Sektörde “inşaat alanı”, “brüt kat alanı” ve “halı alanı” gibi tabirler kullanılsa da aslında bir çok detay eksik kalıyor ve çoğu zaman bu hesaplamaya neyin dahil edilip edilmediği konusunda görüşler ayrışıyor.
Satışta kullanılan metrekare kiralamada kullanılan ile aynı olmayabildiğinden satış ve kiralamalarda sorun yaşanıyor.
Kapalı alanların tanımı; otoparklar, kat boşlukları, merpen, asansör, ışıklık gibi ortak alanların yanı sıra balkon, teras ve kat bahçeleri gibi alanların tanımı ve katın net / brüt metrekare hesabına katılıp katılmaması çoğu zaman şeffaf değil. Belirli bir standarda tabi olmadığı için de bina ve projelerin kıyaslanması mümkün olmuyor.
Yurtdışında oluşturulan ve sınır ötesinde kabul gören standartlar ise birçok sektörel dernek, kamu ve sivil toplum kurumları tarafından uzun yıllar önce oluşturulup geliştirilmiş. Örneğin Amerikan mülk sahipleri ve yöneticileri birliği (BOMA), Alman Sanayi Standartları Enstitüsü (DIN), Alman Gayrimenkul Araştırma Derneği ve İngiliz Bilirkişi Enstitüsü (RICS) gibi kurumların detaylı standartları gayrimenkul yapım, kullanım ve işletme aşamalarında uygulanıyor.
Uluslararası diğer standartlara bakıldığında; gayrimenkulün fonksiyonu veya kullanımına göre farklı hesap şekillerinin mevcut olduğunu gözlemliyoruz. Örneğin konut, ticari/ofis, sanayi ve perakende alanları için farklı uygulamalar öngörülüyor. İmar planlama, mimari tasarım, bina inşaatı, satış, kiralama ve işletme gibi gayrimenkulün tüm aşamalarında ise aynı prensipler ve standartlar baz alınıyor. Dolayısıyla alan tanımı konusunda istikrar sağlanıp, kargaşa önlenmiş oluyor.
Alım ve kiralama aşamasında önem taşıyan bir diğer unsur ise alan verimliliğidir. Sektör genelde brüt alan üzerinden konuşup, işlem görürken; alanın brüt-net verimliliği veya net alanın miktarı çoğunlukla hazır verilmiyor ve detaylı hesap gerektiriyor.

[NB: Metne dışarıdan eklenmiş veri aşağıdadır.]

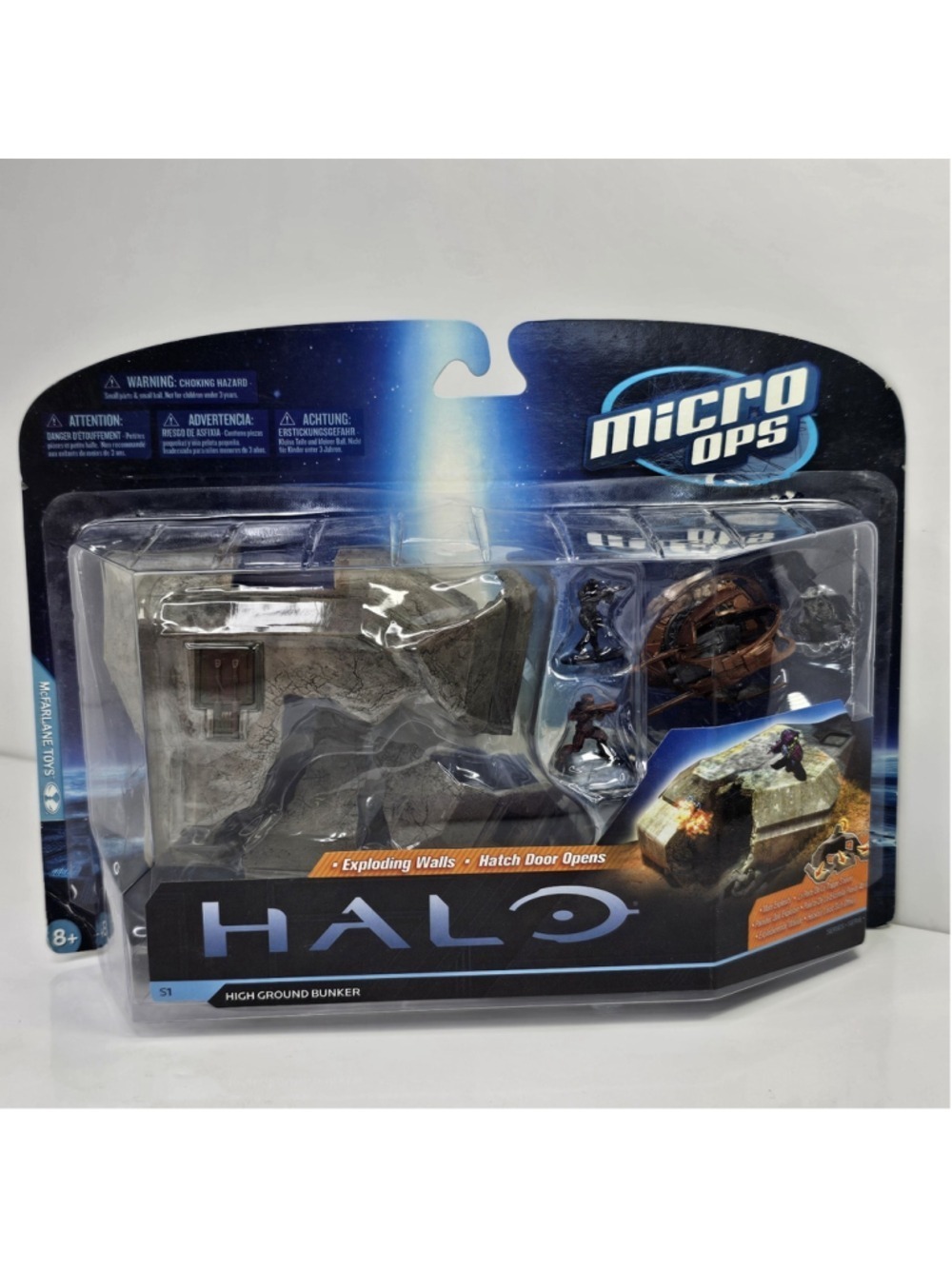 McFarlane Halo Micro Ops High Ground Bunker Play Set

Ancak bir konut dairesi veya ofis katının alıcı veya kiracısı brüt alandan ziyade net kullanım alanının miktarını dikkate almak durumundadır. Satılan veya kiralanan alanın net olarak belirtilmesi ve müteakip olarak işlem görmesi müteahhitlerin daha fazla net alanı olan projeler geliştirmelerini teşvik edecektir. Bununla birlikte bir kıyaslama ve rekabet unsuru oluşturacaktır.
Metrekare hesabının standarda bağlanması ile sektöre şeffaflık geleceğini ve tüketicilere güven verileceğine inanıyoruz. Bu yurtdışında olduğu gibi Türk Standartları Enstitüsü gibi bir kamu kurumu tarafından olabileceği gibi farklı gayrimenkul sektörü birlikleri veya dernekleri tarafından da oluşturulabilir. Çok sayıda uluslararası örnekleri olduğundan örneğin Uluslararası Gayrimenkul Ölçme Standartları (IPMS) gibi yaygın olan veya Türkiye şartlarına uygun olabilecek bir standart da uygulanabilir.